Riepilogando, la sentenza in commento, da una parte, ribadisce alcuni principi enunciati dalla Corte di Cassazione in tema di licenziamento adottato dall’amministratore giudiziario e, dall’altra, valorizzando la circostanza oggettiva dell’impossibilità sopravvenuta della prestazione per chi versi in una delle situazioni descritte nell’art. 35 del D. Lgs. n. 159/2011, parrebbe dare la stura a una operazione ermeneutica – pure invocata da autorevole dottrina – volta a inquadrare il licenziamento de quo nella categoria del licenziamento per giustificato motivo oggettivo piuttosto che in quello per giusta causa.

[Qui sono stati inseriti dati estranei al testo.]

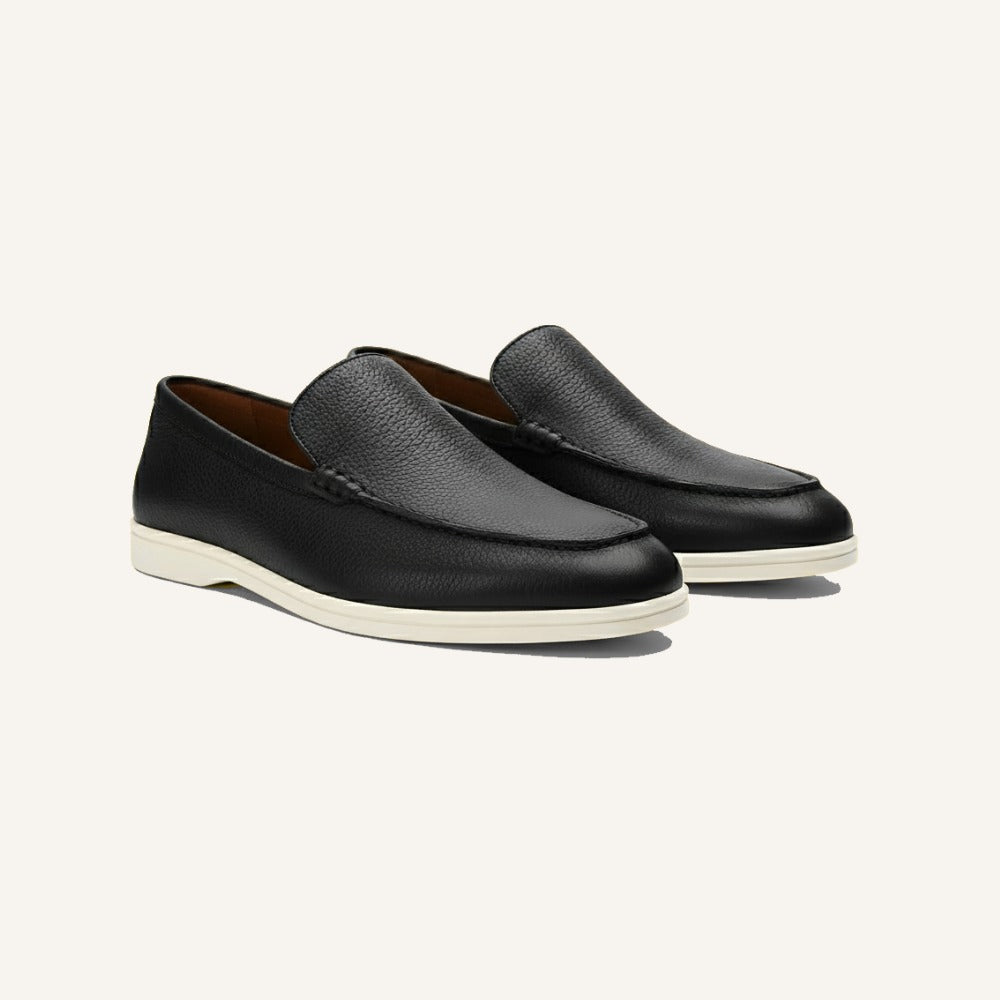 Black leather loafers by San Valier, featuring a pebbled texture and white rubber soles.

In definitiva, ribadito che la complessità dei temi correlati ai licenziamenti intimati dall’amministratore giudiziario (e, in particolare, alla soluzione allo stato prospettata in ordine a un eventuale conflitto/concorso tra norme speciali, dettate dal D. Lgs. n. 159/2011, e la normativa generale in materia di licenziamenti) richiederebbe una ben più approfondita disamina, che non può trovare ingresso nel presente breve commento, possiamo concludere che nella materia in esame permane un quadro dai contorni oltremodo incerti, nel quale, ad avviso di chi scrive, non è da escludere che i principi enunciati dalla Corte di Cassazione, a cui, sino a oggi, mostra di aderire gran parte della giurisprudenza di merito, possano essere oggetto di una rivisitazione anche da parte del giudice di legittimità.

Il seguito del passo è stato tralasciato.